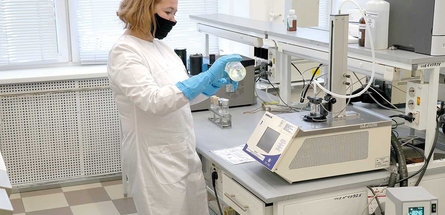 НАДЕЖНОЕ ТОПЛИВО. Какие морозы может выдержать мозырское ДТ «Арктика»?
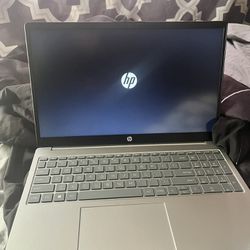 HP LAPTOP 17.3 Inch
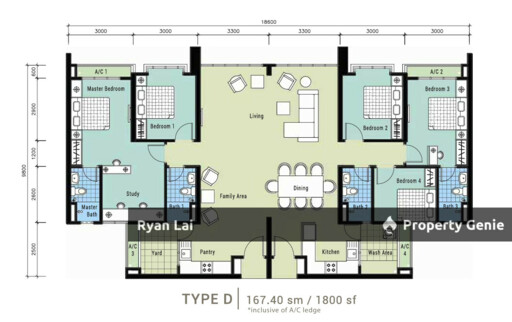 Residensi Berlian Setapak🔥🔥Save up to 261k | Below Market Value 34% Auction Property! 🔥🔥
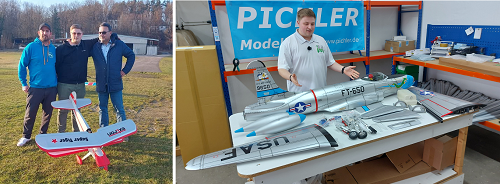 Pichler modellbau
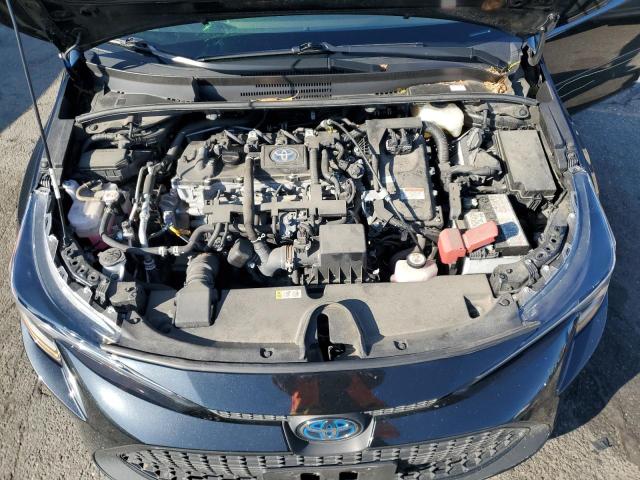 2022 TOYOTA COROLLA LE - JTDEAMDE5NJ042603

================

Transcribe every line from the one with "Pichler modellbau" to the last line of the records above, exactly, excluding pictures.

 Pichler modellbau
 2022 TOYOTA COROLLA LE - JTDEAMDE5NJ042603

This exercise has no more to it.